Thursday, November 1, 2012
Halloween Special
Happy Belated Halloween readers! I bet you're wondering what I'm looking at in celebration of this spooky and spectacular holiday.
Well the inspiration, weirdly enough came from Facebook.
In this world of social media it has become impossible to lose touch with someone. Every friend that you, let's be fair, grow out of can easily find you. And sure, they were a barrel of fun at ten years old.... But then they never STOPPED being ten years old and you grew up. You'll look back at the early days with nostalgia, but it mostly depresses you, knowing he grew up into someone you don't want to know.
This reminded me of Resident Evil.
The recent titles of the Resident Evil franchise have been looked upon with much deserved scorn. Mostly for impenetrable plots and horrible characters. However people forget the first game which was quite exceptional and rests proudly on my top ten favorite games list.
You are one of two members of a group of investigators checking out a house in the suburbs of Raccoon City. You soon discover that the house is infested by zombies and GOD knows what else.
You can either play as Jill Valentine, the Hot, intelligent, gun wielding character, or Chris Redfield, the dumb, douche haired, knife wielding plank of balsa wood.
So you see how HE lasted this long and now is the main character!
I know of no one who picked Chris, because as soon as you get to your first zombie you had to get it's very hungry mouth right net to your very chewy neck, because Mr. Thickness didn't bring a GUN to the monster infested death mansion.
The reason why this game worked was because of the fact that it was scary in a way that usually isn't for me, I.E. Jump scares. Sure you know that something will leap from a cupboard to attack you but there are eight different cupboards, seven filled with innocent kittens and one filled with the giant attic dwelling viper, spoiler alert.
It's also the first "every action has consequences game I've ever seen. Open the wrong door at the wrong time and the hallway you have passed through fifty times already will permanently have wall to wall carpeting made of giant spiders.

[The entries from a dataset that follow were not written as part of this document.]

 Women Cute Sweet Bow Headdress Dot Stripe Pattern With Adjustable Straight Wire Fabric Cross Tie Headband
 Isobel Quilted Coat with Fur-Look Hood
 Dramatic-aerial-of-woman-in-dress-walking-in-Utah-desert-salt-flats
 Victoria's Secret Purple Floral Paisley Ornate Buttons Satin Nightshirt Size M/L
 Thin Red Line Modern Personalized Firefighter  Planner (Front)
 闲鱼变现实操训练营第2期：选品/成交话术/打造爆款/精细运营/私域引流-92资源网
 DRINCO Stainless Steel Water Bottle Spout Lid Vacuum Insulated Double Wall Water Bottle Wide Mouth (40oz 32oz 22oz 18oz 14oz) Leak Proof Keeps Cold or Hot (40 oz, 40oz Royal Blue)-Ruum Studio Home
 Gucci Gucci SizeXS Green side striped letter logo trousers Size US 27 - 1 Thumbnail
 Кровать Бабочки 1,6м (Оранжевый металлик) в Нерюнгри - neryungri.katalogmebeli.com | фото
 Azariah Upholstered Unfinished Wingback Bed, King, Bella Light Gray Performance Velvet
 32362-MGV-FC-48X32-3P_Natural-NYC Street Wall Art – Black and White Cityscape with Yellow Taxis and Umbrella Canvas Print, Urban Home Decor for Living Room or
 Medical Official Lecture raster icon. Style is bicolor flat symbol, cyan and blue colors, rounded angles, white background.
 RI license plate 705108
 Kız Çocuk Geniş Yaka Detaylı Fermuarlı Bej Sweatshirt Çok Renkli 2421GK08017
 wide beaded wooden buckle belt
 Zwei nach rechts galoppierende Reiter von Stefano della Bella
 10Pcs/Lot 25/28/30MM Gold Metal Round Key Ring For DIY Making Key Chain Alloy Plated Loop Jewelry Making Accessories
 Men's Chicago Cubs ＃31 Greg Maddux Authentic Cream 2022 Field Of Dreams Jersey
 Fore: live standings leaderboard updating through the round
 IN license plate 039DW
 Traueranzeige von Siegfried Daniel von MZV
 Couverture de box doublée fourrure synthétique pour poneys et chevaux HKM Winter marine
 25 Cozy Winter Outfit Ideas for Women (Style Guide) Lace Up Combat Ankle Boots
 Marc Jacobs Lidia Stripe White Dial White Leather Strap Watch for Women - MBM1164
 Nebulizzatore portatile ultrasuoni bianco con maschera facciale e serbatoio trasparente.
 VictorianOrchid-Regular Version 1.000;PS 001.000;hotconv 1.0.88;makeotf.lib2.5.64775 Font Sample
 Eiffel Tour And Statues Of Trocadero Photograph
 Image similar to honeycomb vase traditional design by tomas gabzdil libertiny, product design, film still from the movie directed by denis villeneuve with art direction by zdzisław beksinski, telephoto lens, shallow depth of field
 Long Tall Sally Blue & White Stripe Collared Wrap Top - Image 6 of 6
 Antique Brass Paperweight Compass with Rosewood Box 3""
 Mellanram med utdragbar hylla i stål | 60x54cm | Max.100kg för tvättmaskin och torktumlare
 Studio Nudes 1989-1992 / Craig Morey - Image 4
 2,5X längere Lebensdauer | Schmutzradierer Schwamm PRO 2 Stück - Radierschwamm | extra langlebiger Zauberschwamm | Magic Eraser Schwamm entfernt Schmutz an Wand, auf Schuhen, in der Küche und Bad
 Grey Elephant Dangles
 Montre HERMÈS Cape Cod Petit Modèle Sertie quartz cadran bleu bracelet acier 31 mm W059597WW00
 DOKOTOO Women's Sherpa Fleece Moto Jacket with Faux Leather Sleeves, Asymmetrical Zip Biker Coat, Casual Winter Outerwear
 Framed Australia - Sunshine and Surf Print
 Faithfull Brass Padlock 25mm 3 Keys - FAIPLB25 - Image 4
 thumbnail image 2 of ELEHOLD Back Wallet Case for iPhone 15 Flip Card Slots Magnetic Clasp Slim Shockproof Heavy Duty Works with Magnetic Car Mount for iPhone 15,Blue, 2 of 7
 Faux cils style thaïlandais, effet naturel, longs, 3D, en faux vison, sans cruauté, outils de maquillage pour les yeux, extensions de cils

The zombies are actually the least interesting thing about game. They get out shined by the snake, the spiders, the dogs, Audrey II, and the alligator dog thing keeping you from leaving the house.
And that's the thing, it FELT like a horror-action game, it was MEANT to scare you. Resident Evil 5 was an action game, meant to suck. It's a game worth a replay....
BUT I've been spoiled by CurrentGeneration graphics and I can't look at it anymore.
This is a game that BADLY needs a graphical update, mostly so that the zombies don't look like drippy origami men.
Also so that I can recapture the spirit of that treasured period in my life and not look at Resident Evil 6 and see somebody that I used to know.
And now that that song is stuck in your head and mine, I will bid you a buenos Dia de Los Muertos and bid farewell!